Brief descriptive captions
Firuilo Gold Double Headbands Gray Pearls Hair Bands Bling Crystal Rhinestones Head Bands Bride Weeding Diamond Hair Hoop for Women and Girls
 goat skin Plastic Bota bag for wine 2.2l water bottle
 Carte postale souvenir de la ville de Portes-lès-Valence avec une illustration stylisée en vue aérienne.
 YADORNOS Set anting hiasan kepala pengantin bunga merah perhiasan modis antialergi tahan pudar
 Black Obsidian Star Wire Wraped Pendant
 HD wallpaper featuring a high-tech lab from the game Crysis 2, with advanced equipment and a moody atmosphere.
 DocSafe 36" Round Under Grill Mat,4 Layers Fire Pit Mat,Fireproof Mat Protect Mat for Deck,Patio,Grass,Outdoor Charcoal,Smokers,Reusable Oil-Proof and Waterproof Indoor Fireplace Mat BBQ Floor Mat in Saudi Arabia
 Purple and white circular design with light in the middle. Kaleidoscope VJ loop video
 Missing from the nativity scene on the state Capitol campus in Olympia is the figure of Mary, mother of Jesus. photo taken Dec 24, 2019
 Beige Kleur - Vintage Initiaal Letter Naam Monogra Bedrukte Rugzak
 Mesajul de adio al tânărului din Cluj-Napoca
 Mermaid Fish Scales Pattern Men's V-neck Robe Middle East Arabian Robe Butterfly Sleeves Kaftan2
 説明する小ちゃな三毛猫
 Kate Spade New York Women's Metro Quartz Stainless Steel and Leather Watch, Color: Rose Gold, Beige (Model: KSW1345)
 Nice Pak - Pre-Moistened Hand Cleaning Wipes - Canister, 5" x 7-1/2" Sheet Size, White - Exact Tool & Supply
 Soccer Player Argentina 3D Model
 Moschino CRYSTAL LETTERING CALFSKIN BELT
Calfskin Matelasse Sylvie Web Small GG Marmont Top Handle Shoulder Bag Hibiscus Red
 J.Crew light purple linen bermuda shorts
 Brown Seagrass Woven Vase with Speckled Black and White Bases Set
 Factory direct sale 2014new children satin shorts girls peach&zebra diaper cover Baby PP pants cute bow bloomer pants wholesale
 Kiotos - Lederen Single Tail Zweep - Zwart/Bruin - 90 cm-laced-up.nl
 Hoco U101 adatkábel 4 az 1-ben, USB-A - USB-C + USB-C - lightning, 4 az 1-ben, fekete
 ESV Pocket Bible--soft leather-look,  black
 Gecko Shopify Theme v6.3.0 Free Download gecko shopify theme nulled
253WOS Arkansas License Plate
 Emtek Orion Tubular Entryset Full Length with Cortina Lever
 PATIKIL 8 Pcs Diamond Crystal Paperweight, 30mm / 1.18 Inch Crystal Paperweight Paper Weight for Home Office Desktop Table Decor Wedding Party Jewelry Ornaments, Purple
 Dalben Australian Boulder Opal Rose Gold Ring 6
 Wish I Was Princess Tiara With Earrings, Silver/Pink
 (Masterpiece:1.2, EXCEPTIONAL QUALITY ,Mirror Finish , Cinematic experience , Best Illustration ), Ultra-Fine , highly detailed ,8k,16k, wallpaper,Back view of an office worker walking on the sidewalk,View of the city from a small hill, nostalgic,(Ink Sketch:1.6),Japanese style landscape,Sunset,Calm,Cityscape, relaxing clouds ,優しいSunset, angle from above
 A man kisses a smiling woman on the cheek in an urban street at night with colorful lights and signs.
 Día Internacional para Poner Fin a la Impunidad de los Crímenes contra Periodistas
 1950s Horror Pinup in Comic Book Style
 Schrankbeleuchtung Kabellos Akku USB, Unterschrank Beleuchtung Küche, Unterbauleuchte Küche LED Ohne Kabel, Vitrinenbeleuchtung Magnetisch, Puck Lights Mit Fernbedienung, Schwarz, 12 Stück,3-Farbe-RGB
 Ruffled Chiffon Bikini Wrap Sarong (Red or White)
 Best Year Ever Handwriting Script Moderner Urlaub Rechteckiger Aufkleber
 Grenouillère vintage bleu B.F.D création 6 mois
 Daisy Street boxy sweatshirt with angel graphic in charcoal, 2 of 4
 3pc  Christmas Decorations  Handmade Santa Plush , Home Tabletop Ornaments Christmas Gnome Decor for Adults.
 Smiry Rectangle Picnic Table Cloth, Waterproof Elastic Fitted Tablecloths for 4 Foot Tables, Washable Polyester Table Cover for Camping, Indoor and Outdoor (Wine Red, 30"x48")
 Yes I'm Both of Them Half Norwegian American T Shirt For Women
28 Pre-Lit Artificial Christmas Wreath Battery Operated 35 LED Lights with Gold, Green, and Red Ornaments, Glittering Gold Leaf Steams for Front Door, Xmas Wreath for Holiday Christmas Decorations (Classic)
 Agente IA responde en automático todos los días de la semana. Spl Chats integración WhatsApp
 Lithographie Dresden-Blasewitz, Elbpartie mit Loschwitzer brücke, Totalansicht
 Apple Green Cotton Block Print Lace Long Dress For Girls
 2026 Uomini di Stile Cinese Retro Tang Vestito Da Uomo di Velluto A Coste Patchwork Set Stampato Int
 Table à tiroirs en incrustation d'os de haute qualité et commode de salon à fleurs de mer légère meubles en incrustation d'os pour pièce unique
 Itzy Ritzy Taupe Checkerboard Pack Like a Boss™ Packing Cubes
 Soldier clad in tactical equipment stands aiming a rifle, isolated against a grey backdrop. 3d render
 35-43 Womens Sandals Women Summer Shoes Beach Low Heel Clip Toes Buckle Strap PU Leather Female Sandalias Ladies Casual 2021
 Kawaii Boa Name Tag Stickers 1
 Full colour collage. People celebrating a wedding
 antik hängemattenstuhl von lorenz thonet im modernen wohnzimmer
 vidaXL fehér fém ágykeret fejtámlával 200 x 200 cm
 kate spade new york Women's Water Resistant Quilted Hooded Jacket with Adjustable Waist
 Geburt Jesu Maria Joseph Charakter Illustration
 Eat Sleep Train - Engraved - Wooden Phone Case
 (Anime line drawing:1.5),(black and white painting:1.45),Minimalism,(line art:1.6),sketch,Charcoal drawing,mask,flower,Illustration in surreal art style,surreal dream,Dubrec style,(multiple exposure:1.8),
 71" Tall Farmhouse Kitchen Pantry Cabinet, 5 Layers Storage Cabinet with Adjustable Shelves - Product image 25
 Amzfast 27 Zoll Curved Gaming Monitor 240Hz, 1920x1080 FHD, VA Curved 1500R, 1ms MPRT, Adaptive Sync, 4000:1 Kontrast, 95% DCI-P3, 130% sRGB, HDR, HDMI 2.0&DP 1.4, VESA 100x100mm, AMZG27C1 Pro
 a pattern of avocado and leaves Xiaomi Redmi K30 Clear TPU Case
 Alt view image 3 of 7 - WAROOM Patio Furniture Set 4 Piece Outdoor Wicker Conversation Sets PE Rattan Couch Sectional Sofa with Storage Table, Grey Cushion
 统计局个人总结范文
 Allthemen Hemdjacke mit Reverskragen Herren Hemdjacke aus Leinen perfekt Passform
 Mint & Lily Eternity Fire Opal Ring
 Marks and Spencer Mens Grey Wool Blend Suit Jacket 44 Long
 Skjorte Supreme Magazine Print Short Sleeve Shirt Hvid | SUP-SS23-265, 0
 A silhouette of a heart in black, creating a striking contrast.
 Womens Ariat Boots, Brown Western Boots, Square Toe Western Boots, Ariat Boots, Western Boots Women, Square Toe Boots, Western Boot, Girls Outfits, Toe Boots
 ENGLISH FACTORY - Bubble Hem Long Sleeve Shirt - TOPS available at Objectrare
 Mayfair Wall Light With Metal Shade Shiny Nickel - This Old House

What the task asks: Of the lines above, extract only those from the line with "YADORNOS Set anting" to the line with "Missing from the", both included, exactly as written.

Task output:
 YADORNOS Set anting hiasan kepala pengantin bunga merah perhiasan modis antialergi tahan pudar
 Black Obsidian Star Wire Wraped Pendant
 HD wallpaper featuring a high-tech lab from the game Crysis 2, with advanced equipment and a moody atmosphere.
 DocSafe 36" Round Under Grill Mat,4 Layers Fire Pit Mat,Fireproof Mat Protect Mat for Deck,Patio,Grass,Outdoor Charcoal,Smokers,Reusable Oil-Proof and Waterproof Indoor Fireplace Mat BBQ Floor Mat in Saudi Arabia
 Purple and white circular design with light in the middle. Kaleidoscope VJ loop video
 Missing from the nativity scene on the state Capitol campus in Olympia is the figure of Mary, mother of Jesus. photo taken Dec 24, 2019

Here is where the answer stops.